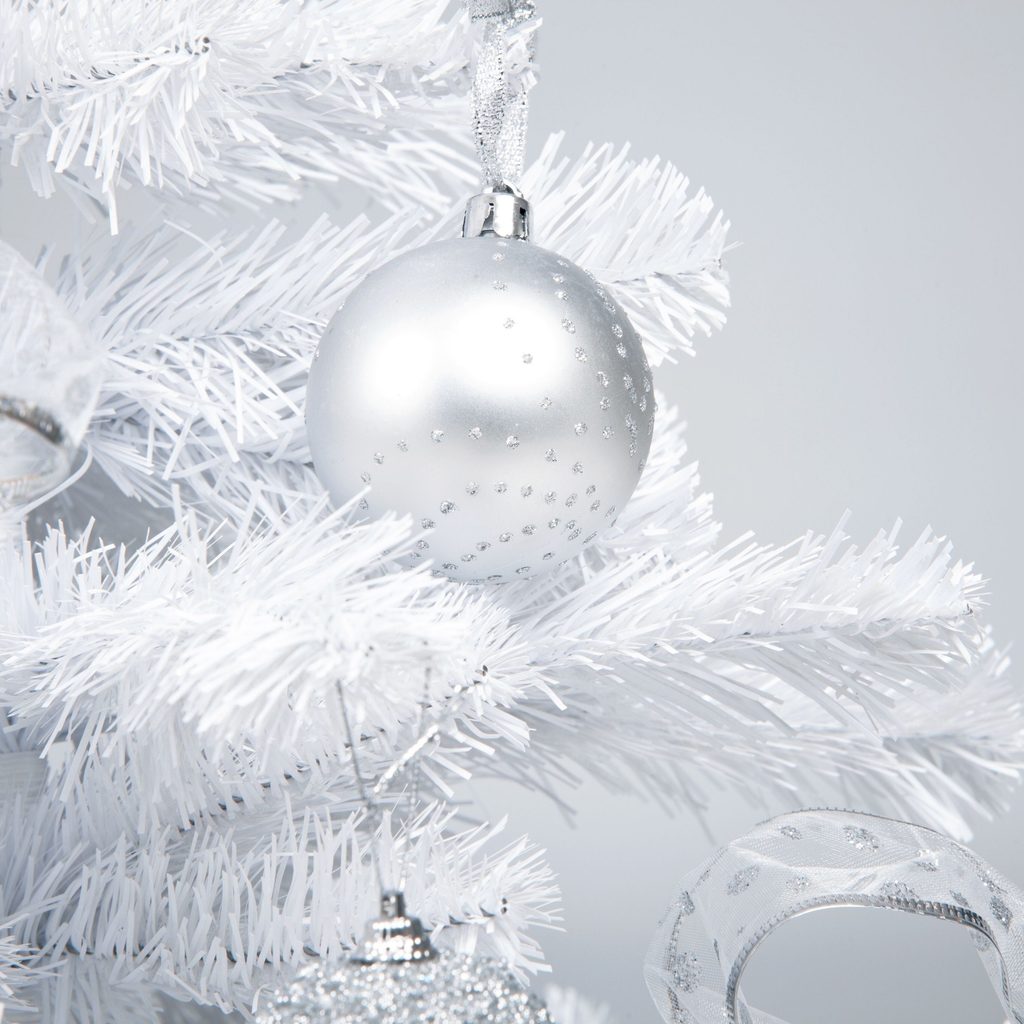 Silver ball ornament on a white Christmas tree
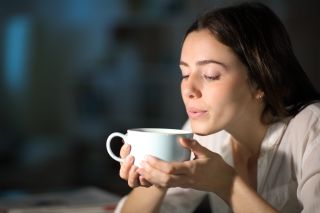Woman blowing to cool hot coffee in the night at home.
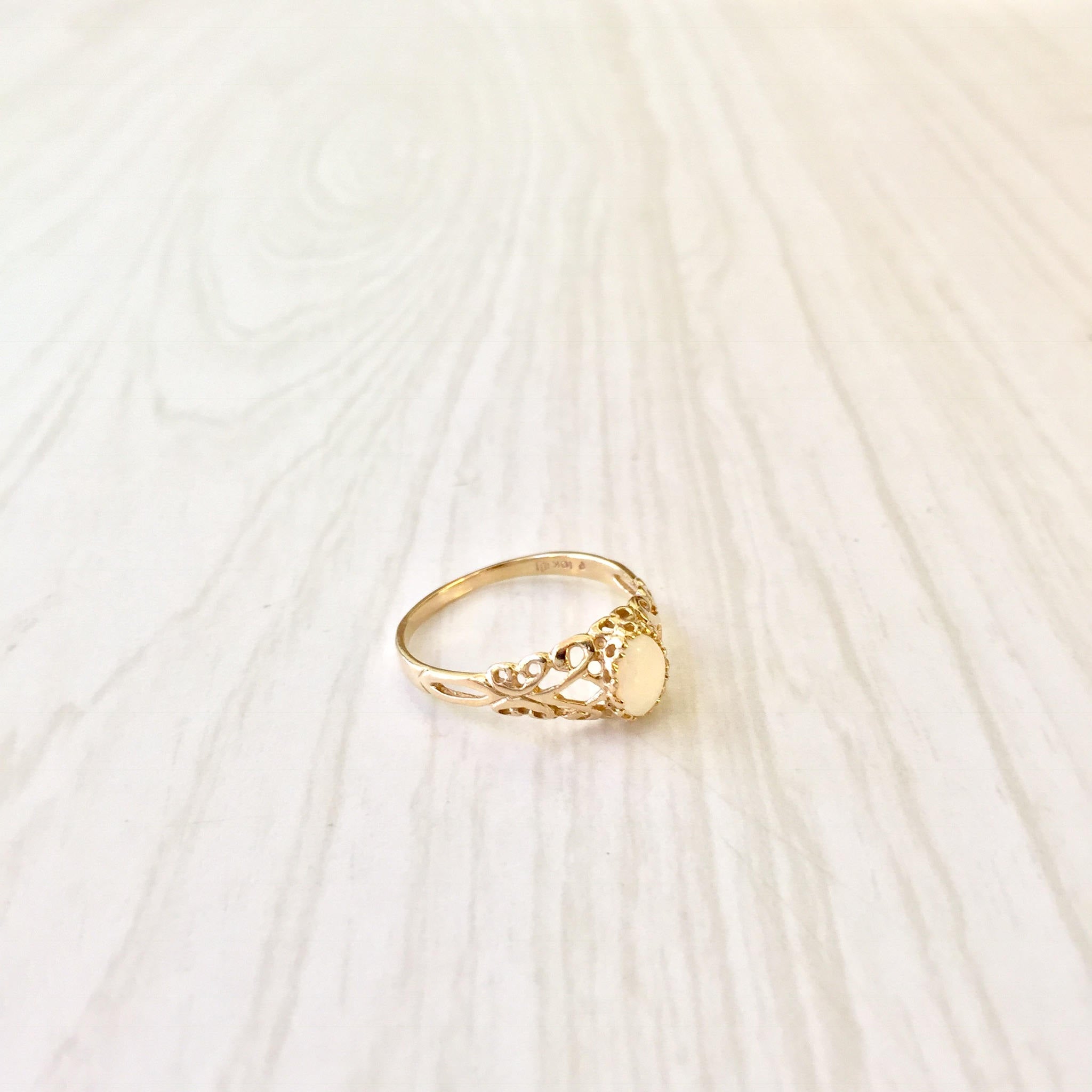 10K yellow gold filigree ring with opal stone on light wooden background, vintage Art Deco style engagement or promise ring, gift idea for her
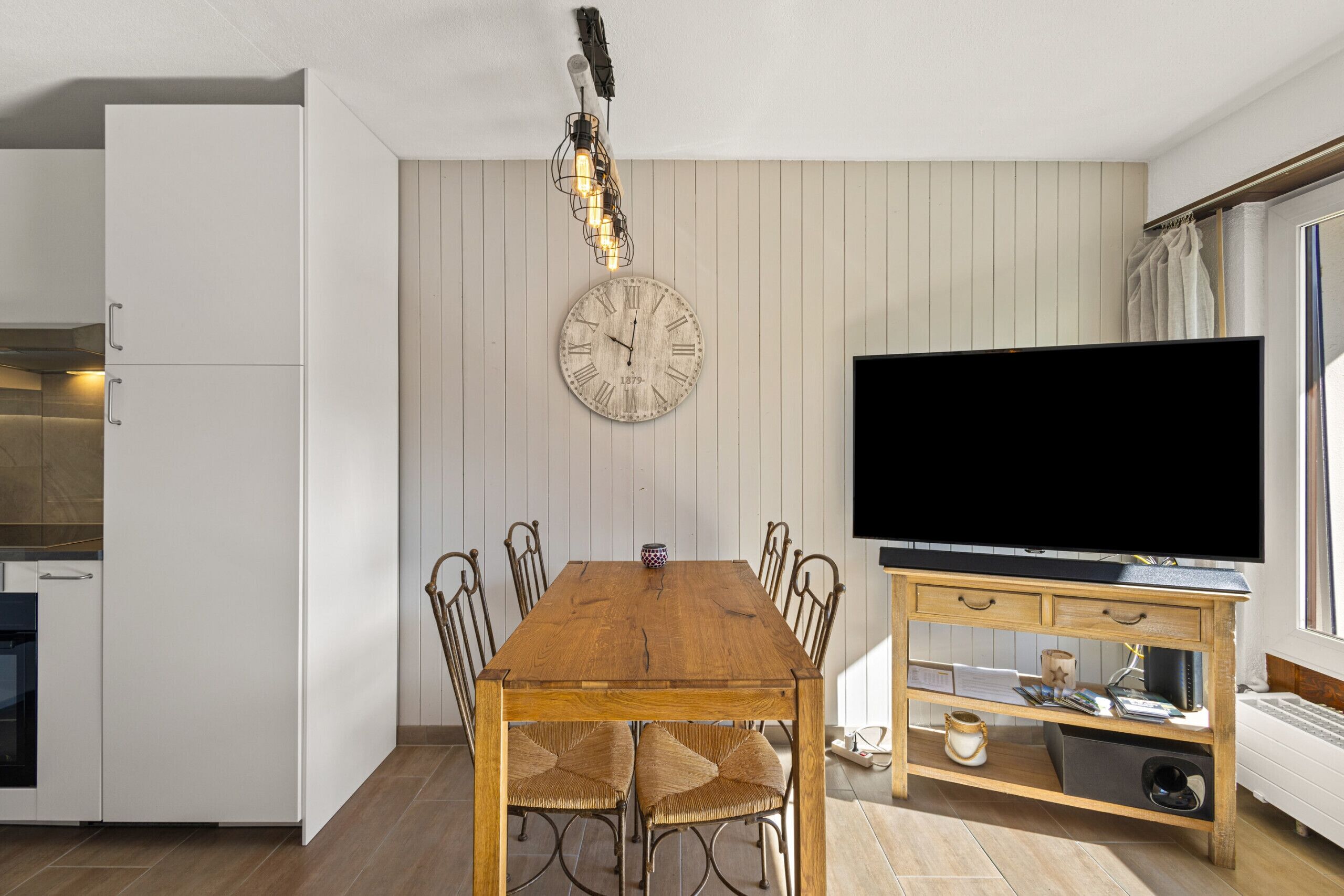 Un comedor con una mesa y sillas de madera, un reloj montado en la pared, un televisor sobre un mueble de madera y una zona de cocina con armarios blancos.
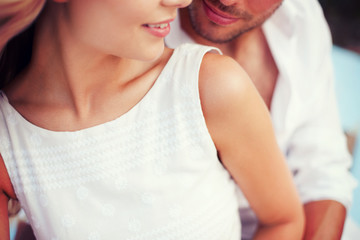 Canvas Print - couple in shades at sea side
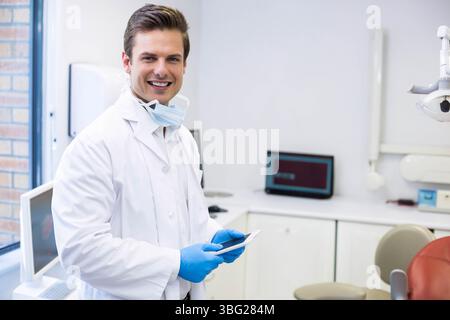 Männlicher Zahnarzt, der Tablette im zahnärztlichen Behandlungsraum mit weißem Mantel und Maske, Kopierraum untersucht Stockfoto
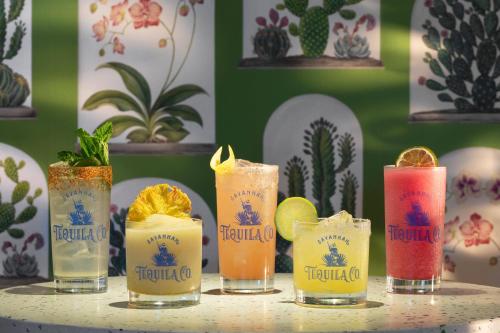 a group of different colored drinks on a table at JW Marriott Savannah Plant Riverside District in Savannah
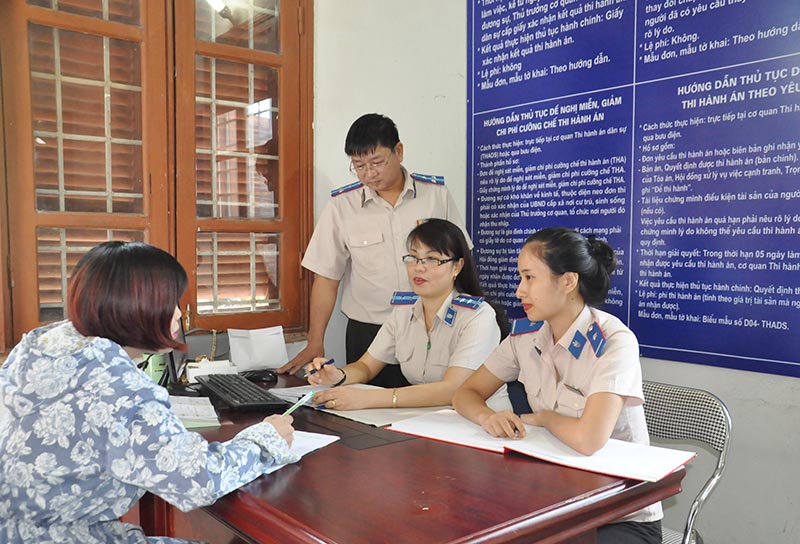 Cán bộ Bộ phận một cửa tiếp nhận và trả kết quả của Chi cục THADS huyện Hoành Bồ hướng dẫn công dân giải quyết TTHC trong lĩnh vực THADS.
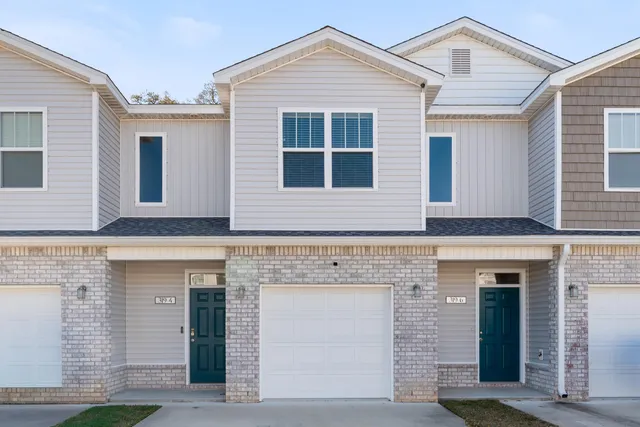 a front view of a house with yard
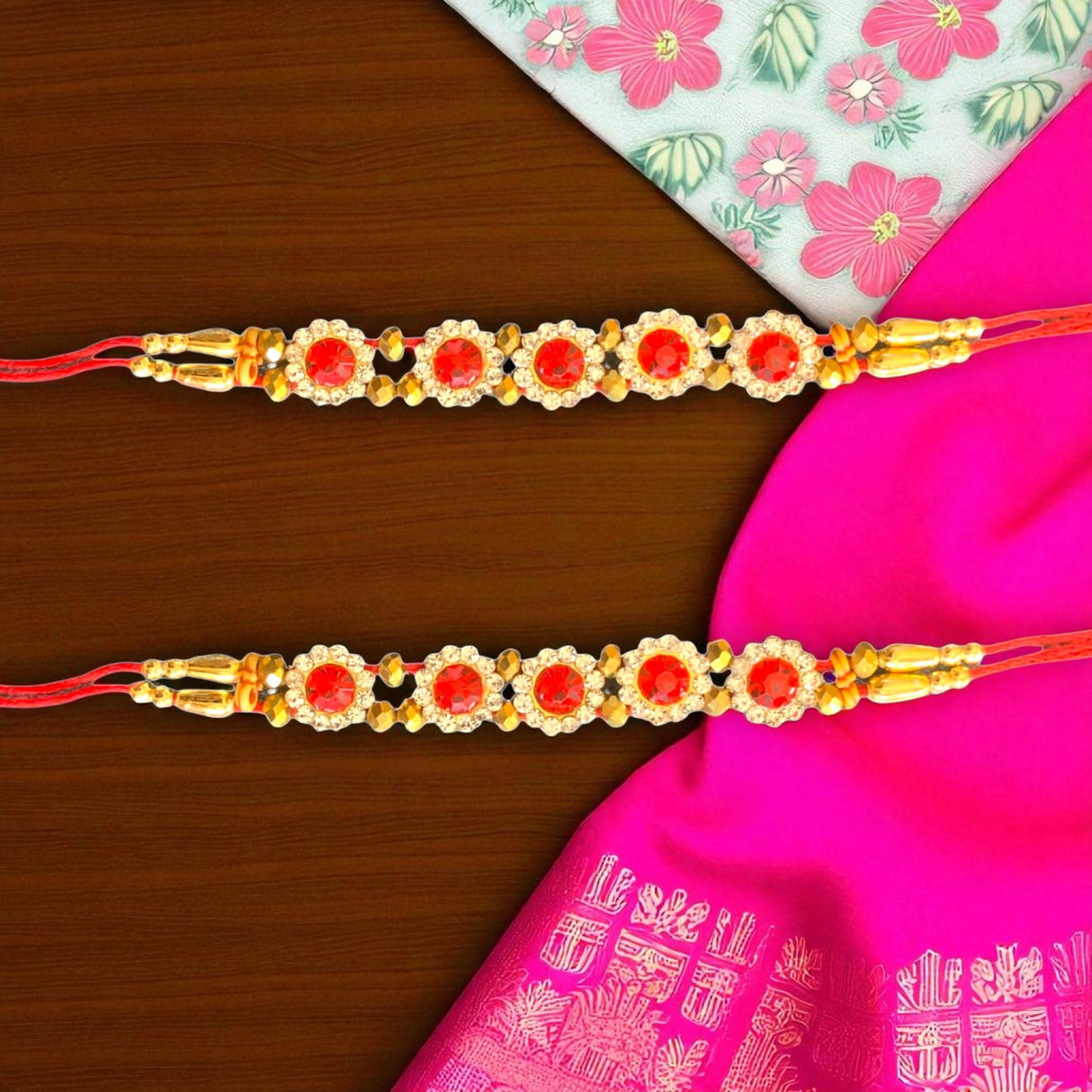 Red and gold Rakhi bracelets included in Rakhi Gift Hamper for Brother with accessories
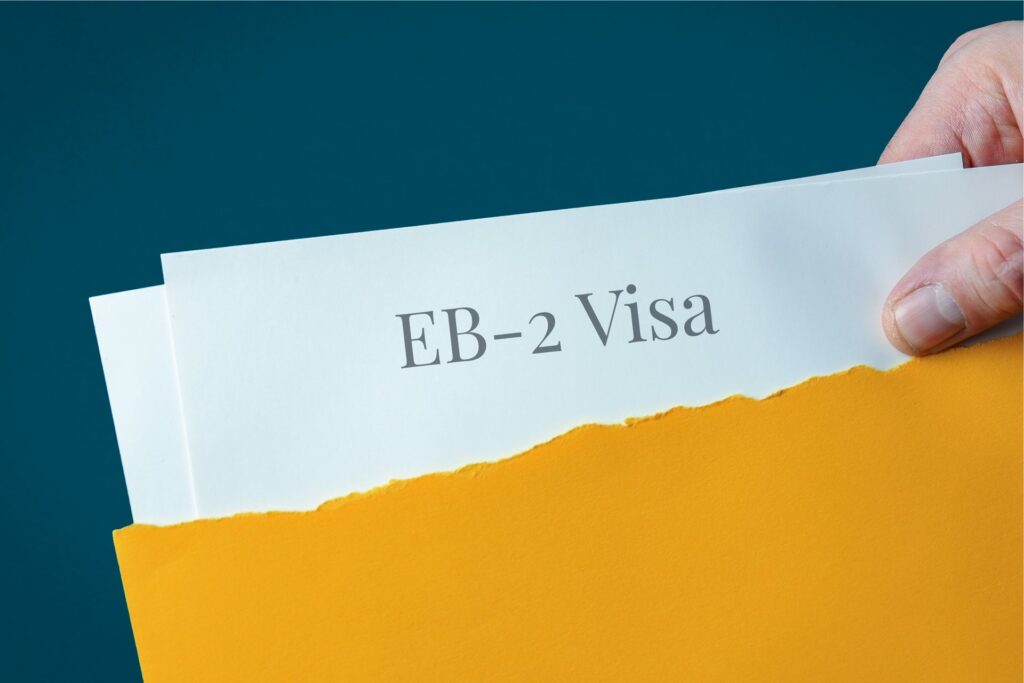 EB-2 Visa. Hand opens envelope and takes out documents. Post letter labeled with text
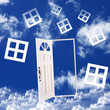 White door against blue sky background White door against blue sky background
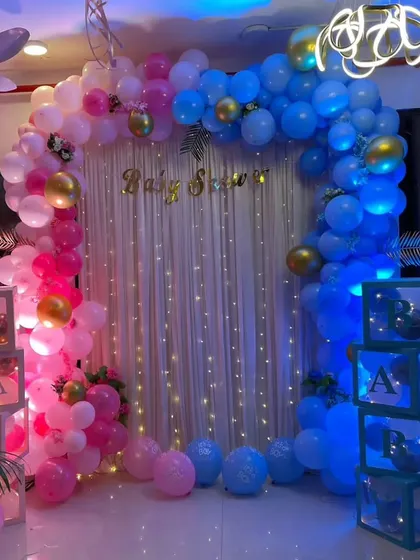 A gender reveal baby shower with a split pink and blue balloon arch under a fairy light curtain.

+---+

## PROBLEM TO SOLVE
All of the entries need to be copied exactly, minus any pictures.

## EXERCISE RESPONSE
 Silver ball ornament on a white Christmas tree
Woman blowing to cool hot coffee in the night at home.
 10K yellow gold filigree ring with opal stone on light wooden background, vintage Art Deco style engagement or promise ring, gift idea for her
 Un comedor con una mesa y sillas de madera, un reloj montado en la pared, un televisor sobre un mueble de madera y una zona de cocina con armarios blancos.
 Canvas Print - couple in shades at sea side
 Männlicher Zahnarzt, der Tablette im zahnärztlichen Behandlungsraum mit weißem Mantel und Maske, Kopierraum untersucht Stockfoto
 a group of different colored drinks on a table at JW Marriott Savannah Plant Riverside District in Savannah
 Cán bộ Bộ phận một cửa tiếp nhận và trả kết quả của Chi cục THADS huyện Hoành Bồ hướng dẫn công dân giải quyết TTHC trong lĩnh vực THADS.
 a front view of a house with yard
 Red and gold Rakhi bracelets included in Rakhi Gift Hamper for Brother with accessories
 EB-2 Visa. Hand opens envelope and takes out documents. Post letter labeled with text
 White door against blue sky background White door against blue sky background
 A gender reveal baby shower with a split pink and blue balloon arch under a fairy light curtain.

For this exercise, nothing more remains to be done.